Hacker News new | ask | show | jobs
by tomerv 1666 days ago
Practically speaking, it is not a good advice to just treat log(n) as if it is constant. While it's true that log(n) is always small in practice, the conclusion should not be to ignore it, but rather to notice the constant factor. And in practice, usually data structures with O(log n) complexity also have a bigger hidden constant. For example, std::unordered_map is much faster in practice than std::map. Of course, this is not strictly correct, it's just a heuristics. Quicksort with its O(log n) [Edit: O(n log n)] complexity is a counter-example to this.
4 comments

To be clear, that is not the advice I'm giving -- but rather, when your performance looks like p*log n + q, if q is much greater than p/40 -- that is, the constant term dwarfs the logarithmic term -- then it is safe to consider it constant.
> p*log n + q, if q is much greater than p/40 -- that is, the constant term dwarfs the logarithmic term

I think you meant to say "if q is much greater than p TIMES 40".

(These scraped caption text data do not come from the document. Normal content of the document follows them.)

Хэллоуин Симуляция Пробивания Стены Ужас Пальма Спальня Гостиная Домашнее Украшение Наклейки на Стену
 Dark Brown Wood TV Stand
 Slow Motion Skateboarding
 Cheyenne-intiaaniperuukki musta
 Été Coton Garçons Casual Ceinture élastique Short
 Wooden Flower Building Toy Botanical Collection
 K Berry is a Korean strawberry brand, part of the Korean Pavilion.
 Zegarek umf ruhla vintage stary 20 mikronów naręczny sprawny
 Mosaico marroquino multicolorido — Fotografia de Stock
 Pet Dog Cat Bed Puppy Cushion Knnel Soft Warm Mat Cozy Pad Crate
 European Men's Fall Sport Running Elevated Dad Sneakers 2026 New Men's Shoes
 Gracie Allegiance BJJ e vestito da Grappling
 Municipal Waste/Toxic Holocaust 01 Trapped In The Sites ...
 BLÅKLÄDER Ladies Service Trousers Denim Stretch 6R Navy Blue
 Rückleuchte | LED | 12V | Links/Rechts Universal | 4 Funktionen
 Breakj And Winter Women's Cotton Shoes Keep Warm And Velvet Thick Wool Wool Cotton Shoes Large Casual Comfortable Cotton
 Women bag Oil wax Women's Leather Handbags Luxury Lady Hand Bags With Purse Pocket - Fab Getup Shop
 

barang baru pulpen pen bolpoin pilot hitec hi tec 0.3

Ah good catch, yes you are correct.
That seems like a pretty good argument _for_ treating it as constant though and just shifting your focus to how large the constants actually are.
In a virtual memory system, random access to an array of size n takes O(log n) time, and the constant factors in that O(log n) are also nontrivial. Algorithms that do O(log n) computation with O(log n) independent elements tend to take O(log^2 n) time, while those that do O(log n) computation with O(log n) contiguous elements or O(log n) iterations with O(1) elements still take O(log n) time. If the constant factors are small enough, it can be hard to distinguish the latter two from algorithms doing O(1) computation with O(1) elements.
In practice, for any memory system with caches and limited by the speed of light, random (unpredictable) access to an array of size n takes much closer to O(sqrt(n)), not O(log(n)). There's an excellent article discussing this that you can search for, and it holds both in emperical tests on modern hardware and in the theoretical physical limit.
That depends on your perspective. If multiple levels of memory hierarchy are relevant (such as when scaling from 1 MiB to 1 GiB), you will see something resembling O(sqrt(n)). If you remain within the same level (e.g. from 1 GiB to 1 TiB), the scaling resembles O(log n) more closely. Or, in other words, it depends on whether you assume that cache size grows with n or is independent of it.
And of course, nothing is important until you’ve profiled your code and measured that it is.